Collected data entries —
--------------------------------

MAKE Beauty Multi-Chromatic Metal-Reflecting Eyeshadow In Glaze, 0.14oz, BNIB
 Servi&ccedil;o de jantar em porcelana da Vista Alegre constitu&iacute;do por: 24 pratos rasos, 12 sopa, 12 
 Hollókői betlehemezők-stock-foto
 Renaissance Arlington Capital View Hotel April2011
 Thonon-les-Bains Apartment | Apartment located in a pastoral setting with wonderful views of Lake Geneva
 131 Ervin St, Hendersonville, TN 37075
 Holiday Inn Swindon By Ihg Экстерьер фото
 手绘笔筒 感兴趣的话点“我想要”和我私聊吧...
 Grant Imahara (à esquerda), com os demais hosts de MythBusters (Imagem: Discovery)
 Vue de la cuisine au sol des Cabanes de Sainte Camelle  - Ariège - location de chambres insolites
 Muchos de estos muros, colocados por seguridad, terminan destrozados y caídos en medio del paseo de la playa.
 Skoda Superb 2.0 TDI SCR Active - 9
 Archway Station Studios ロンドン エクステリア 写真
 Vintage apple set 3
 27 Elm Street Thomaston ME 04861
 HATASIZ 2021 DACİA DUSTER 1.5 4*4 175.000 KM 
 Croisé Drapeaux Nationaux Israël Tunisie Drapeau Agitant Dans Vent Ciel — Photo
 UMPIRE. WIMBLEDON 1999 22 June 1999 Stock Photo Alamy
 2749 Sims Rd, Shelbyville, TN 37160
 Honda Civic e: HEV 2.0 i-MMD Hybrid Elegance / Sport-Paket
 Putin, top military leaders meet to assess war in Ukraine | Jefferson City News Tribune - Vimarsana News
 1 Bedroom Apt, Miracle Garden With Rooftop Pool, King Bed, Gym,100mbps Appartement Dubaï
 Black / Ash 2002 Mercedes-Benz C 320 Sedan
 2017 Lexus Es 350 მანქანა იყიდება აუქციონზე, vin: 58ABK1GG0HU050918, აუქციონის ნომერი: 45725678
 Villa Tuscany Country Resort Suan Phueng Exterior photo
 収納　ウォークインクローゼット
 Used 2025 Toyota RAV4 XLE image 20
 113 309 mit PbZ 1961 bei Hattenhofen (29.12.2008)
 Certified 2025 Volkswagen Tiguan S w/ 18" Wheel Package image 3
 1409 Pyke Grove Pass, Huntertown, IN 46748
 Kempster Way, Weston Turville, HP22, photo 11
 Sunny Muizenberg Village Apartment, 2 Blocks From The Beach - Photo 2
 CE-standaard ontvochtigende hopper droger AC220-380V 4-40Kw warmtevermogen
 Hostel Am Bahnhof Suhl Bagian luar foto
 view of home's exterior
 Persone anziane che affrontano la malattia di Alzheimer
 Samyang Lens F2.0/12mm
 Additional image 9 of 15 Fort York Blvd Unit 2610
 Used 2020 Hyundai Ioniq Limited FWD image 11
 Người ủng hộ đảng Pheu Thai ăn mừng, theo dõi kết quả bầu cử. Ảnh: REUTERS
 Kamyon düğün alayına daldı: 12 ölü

--------------------------------

Work request — Each line from the top of the records above through the line containing "Sunny Muizenberg Village" needs to be transcribed exactly, and no line after it.

Result for this task —
MAKE Beauty Multi-Chromatic Metal-Reflecting Eyeshadow In Glaze, 0.14oz, BNIB
 Servi&ccedil;o de jantar em porcelana da Vista Alegre constitu&iacute;do por: 24 pratos rasos, 12 sopa, 12 
 Hollókői betlehemezők-stock-foto
 Renaissance Arlington Capital View Hotel April2011
 Thonon-les-Bains Apartment | Apartment located in a pastoral setting with wonderful views of Lake Geneva
 131 Ervin St, Hendersonville, TN 37075
 Holiday Inn Swindon By Ihg Экстерьер фото
 手绘笔筒 感兴趣的话点“我想要”和我私聊吧...
 Grant Imahara (à esquerda), com os demais hosts de MythBusters (Imagem: Discovery)
 Vue de la cuisine au sol des Cabanes de Sainte Camelle  - Ariège - location de chambres insolites
 Muchos de estos muros, colocados por seguridad, terminan destrozados y caídos en medio del paseo de la playa.
 Skoda Superb 2.0 TDI SCR Active - 9
 Archway Station Studios ロンドン エクステリア 写真
 Vintage apple set 3
 27 Elm Street Thomaston ME 04861
 HATASIZ 2021 DACİA DUSTER 1.5 4*4 175.000 KM 
 Croisé Drapeaux Nationaux Israël Tunisie Drapeau Agitant Dans Vent Ciel — Photo
 UMPIRE. WIMBLEDON 1999 22 June 1999 Stock Photo Alamy
 2749 Sims Rd, Shelbyville, TN 37160
 Honda Civic e: HEV 2.0 i-MMD Hybrid Elegance / Sport-Paket
 Putin, top military leaders meet to assess war in Ukraine | Jefferson City News Tribune - Vimarsana News
 1 Bedroom Apt, Miracle Garden With Rooftop Pool, King Bed, Gym,100mbps Appartement Dubaï
 Black / Ash 2002 Mercedes-Benz C 320 Sedan
 2017 Lexus Es 350 მანქანა იყიდება აუქციონზე, vin: 58ABK1GG0HU050918, აუქციონის ნომერი: 45725678
 Villa Tuscany Country Resort Suan Phueng Exterior photo
 収納　ウォークインクローゼット
 Used 2025 Toyota RAV4 XLE image 20
 113 309 mit PbZ 1961 bei Hattenhofen (29.12.2008)
 Certified 2025 Volkswagen Tiguan S w/ 18" Wheel Package image 3
 1409 Pyke Grove Pass, Huntertown, IN 46748
 Kempster Way, Weston Turville, HP22, photo 11
 Sunny Muizenberg Village Apartment, 2 Blocks From The Beach - Photo 2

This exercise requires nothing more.